Modifiye Atkins Diyeti'ni uygulayan çocukların yüzde 10'unda tamamen nöbet kontrolü sağlanırken yüzde 60'ında nöbet sayısında azalma gözlenmiştir.
270 yetişkin üzerinde yapılan çalışmada ise klasik ketojenik diyet uygulayanların yüzde 52, Modifiye Atkins Diyeti uygulayanların yüzde 34'ünde nöbet sıklığı azalmıştır.
Ayrıca Modifiye Atkins Diyeti'ne uyum, diğer diyetten daha fazla bulunmuştur. Diyete uyumdaki değişiklikler nedeniyle diyetlerin etki oranı değişken olsa da ketojenik diyet uygulamasıyla özellikle epilepsi türleri olan West Sendromu ve Lenox Gastaut Sendromu'nda yüksek başarı elde edilmiştir.
KADEMELİ YAPILIR
3:1, 4:1 ve MCT diyetinin hastanede uygulanması uygunken, 1:1, 2:1, MAD ve LGIT ev ortamında bilgili bir hasta ve iyi destek sistemleriyle uygulanabilmektedir. Diyete başlamadan önce hastanın kan bulguları alınır ve diyet süresince izlenir. Ketojenik diyete başlangıç kademeli olarak yapılmalıdır; her gün bir öğün olmak üzere üç günde diyete geçiş sağlanır.
VİTAMIN VE MİNERALLER
Ketojenik diyette karbonhidrat kaynakları olan meyve, sebze, tahıl ve kuru baklagillerin kısıtlanması vitamin ve minerallerin eksik alınmasına yol açar. Bu nedenle diyeti uygularken kalsiyum ve D vitamini içeren multivitamin ve selenyum, magnezyum, fosfor, demir gibi elementler takviye edilmelidir.
YAN ETKİLERİ
İlk haftalarda yorgunluk, baş ağrısı, kusma, kan şekerinin düşmesi gibi yan etkiler oluşabilir. Bunun yanında karbonhidrat kaynaklarının sınırlanmasıyla lif alımı azaldığı için kabızlık sık gözlenir. Vücutta asit oranının yükselmesi yani asidoz oluşabilir. Bu durumda uzmanlar tarafından asidi tamponlayıcı ilaçlar verilebilir veya diyet oranı genişletilebilir.
NASIL SONLANDIRILIR?
Ketojenik diyeti uygulama süresi en az üç-altı ay sürer. Hastalar genellikle birkaç yıl uygular. Diyet başlangıçta olduğu gibi kademeli sonlandırılır.

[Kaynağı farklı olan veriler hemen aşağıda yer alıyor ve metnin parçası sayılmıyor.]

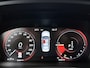 Volvo S60 2.0 Recharge T6 AWD R-Design | Automaat | Apple Carplay / Android Auto | Achteruitrijcamera | Parkeersensoren | Stoelverwarming | Stuurverwarming |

GEÇMİŞTEN BUGÜNE KETOJENİK DİYET
Antik zamanlardan beri 'uzamış açlık' epilepsi tedavisinde kullanılmakta. Ancak ilk modern rapor 1911 yılında Harvard Tıp Fakültesi'ndeki hekimler tarafından ortaya atıldı. İlk kez 1921 yılında Amerika'da Mayo Klinik'te Doktor Wilder tarafından uygulanan ketojenik diyetin popülerliği 1930'lu yıllara kadar devam etti. 1938 yılında epilepsi tedavisi için kullanılan ilaç Fenitoin'in keşfi ile gözde tedavi yöntemi olan ketojenik diyet arka planda kaldı. 1980'lerde ise ketojenik diyetin yüksek miktarda orta zincirli yağ asidi içeriği tekrar gündeme oturdu ancak bu yağ asitlerinin gaz, şişkinlik, mide bulantısı, kusma gibi yan etkileri neden olduğu görüldü. 1994 yılında bir epilepsi hastası erkek çocuğun ketojenik diyet ile iyileşmesini konu alan First Do No Harm gösterime girdi. Günümüzde ketojenik diyet; daha az kısıtlayıcı çeşitlerinin ortaya çıkmasıyla yeniden canlandı.
800.000
Son verilere göre ülkemizdeki epilepsi hastası sayısı. Bunların yüzde 50'si yani 400 bin kadarı çocuk hastalardan oluşuyor.